**WHAT YOU HAVE TO DO:**
Excluding pictures, what does the listing below contain from the line with "The following video" up to and including the line with "And this means", word for word?

**EXTRACTED DATA:**
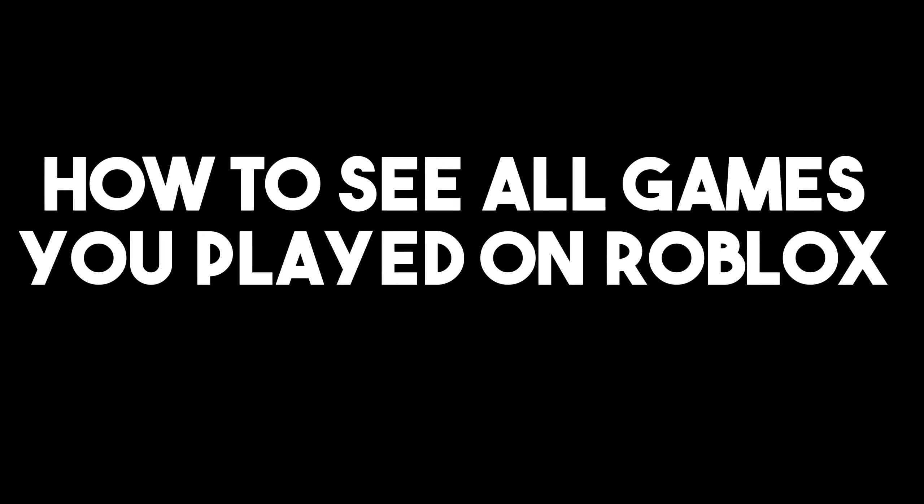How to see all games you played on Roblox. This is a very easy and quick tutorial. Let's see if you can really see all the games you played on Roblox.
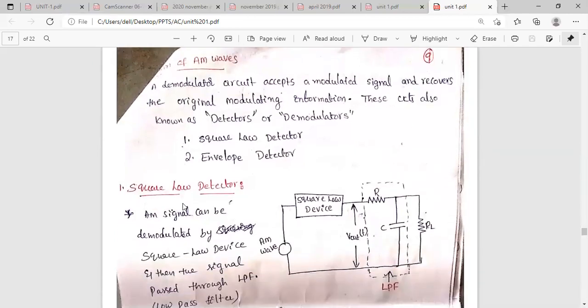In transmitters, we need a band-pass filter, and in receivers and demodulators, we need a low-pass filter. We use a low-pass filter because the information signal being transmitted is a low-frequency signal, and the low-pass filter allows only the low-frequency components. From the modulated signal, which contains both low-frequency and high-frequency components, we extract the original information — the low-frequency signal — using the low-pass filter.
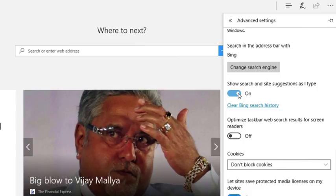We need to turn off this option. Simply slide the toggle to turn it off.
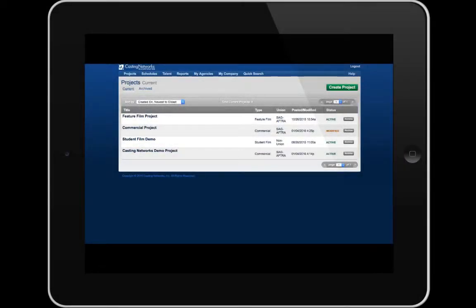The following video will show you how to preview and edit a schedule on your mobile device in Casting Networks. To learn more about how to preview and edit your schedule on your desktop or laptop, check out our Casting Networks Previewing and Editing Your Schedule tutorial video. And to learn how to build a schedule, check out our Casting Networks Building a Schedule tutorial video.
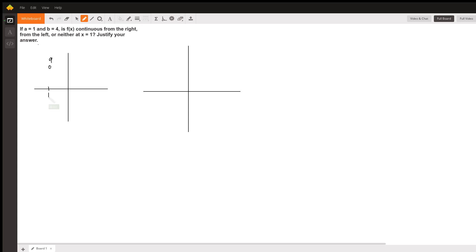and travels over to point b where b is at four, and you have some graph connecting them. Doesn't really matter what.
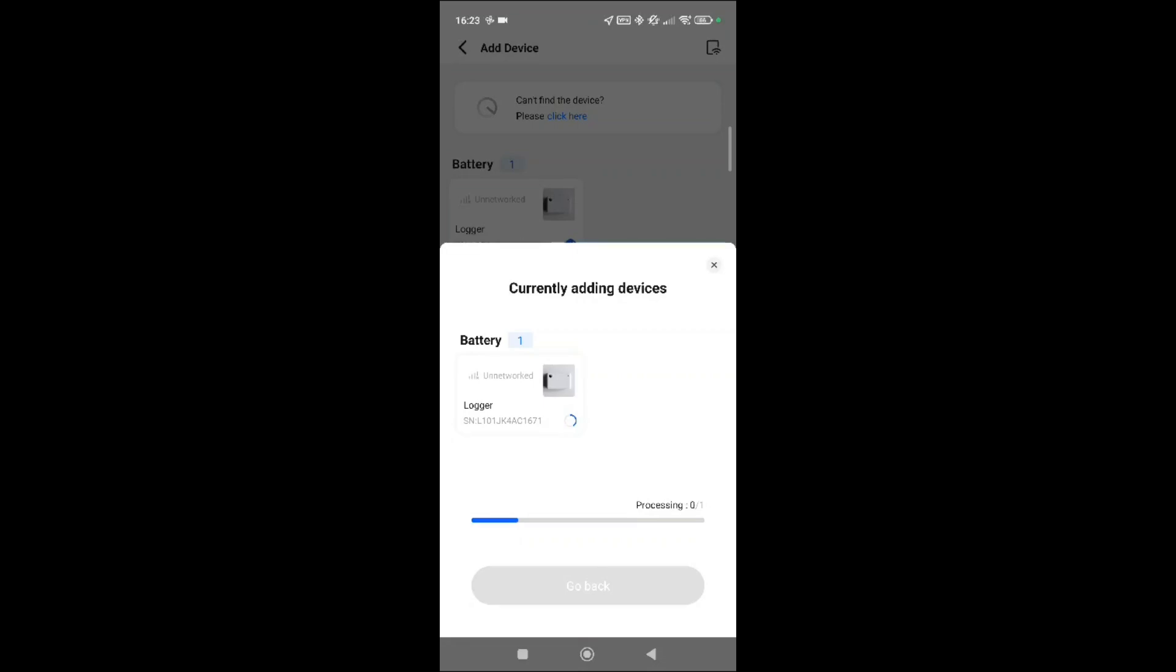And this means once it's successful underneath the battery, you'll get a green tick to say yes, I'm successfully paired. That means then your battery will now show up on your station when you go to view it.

...

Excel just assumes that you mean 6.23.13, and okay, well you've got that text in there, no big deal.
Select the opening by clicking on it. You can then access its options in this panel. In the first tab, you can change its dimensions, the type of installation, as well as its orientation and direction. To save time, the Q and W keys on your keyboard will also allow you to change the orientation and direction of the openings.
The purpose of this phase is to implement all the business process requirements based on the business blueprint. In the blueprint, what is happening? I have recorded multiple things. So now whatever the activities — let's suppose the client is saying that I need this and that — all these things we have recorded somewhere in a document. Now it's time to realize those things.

**THE COMPLETED TASK:**
The following video will show you how to preview and edit a schedule on your mobile device in Casting Networks. To learn more about how to preview and edit your schedule on your desktop or laptop, check out our Casting Networks Previewing and Editing Your Schedule tutorial video. And to learn how to build a schedule, check out our Casting Networks Building a Schedule tutorial video.
and travels over to point b where b is at four, and you have some graph connecting them. Doesn't really matter what.
And this means once it's successful underneath the battery, you'll get a green tick to say yes, I'm successfully paired. That means then your battery will now show up on your station when you go to view it.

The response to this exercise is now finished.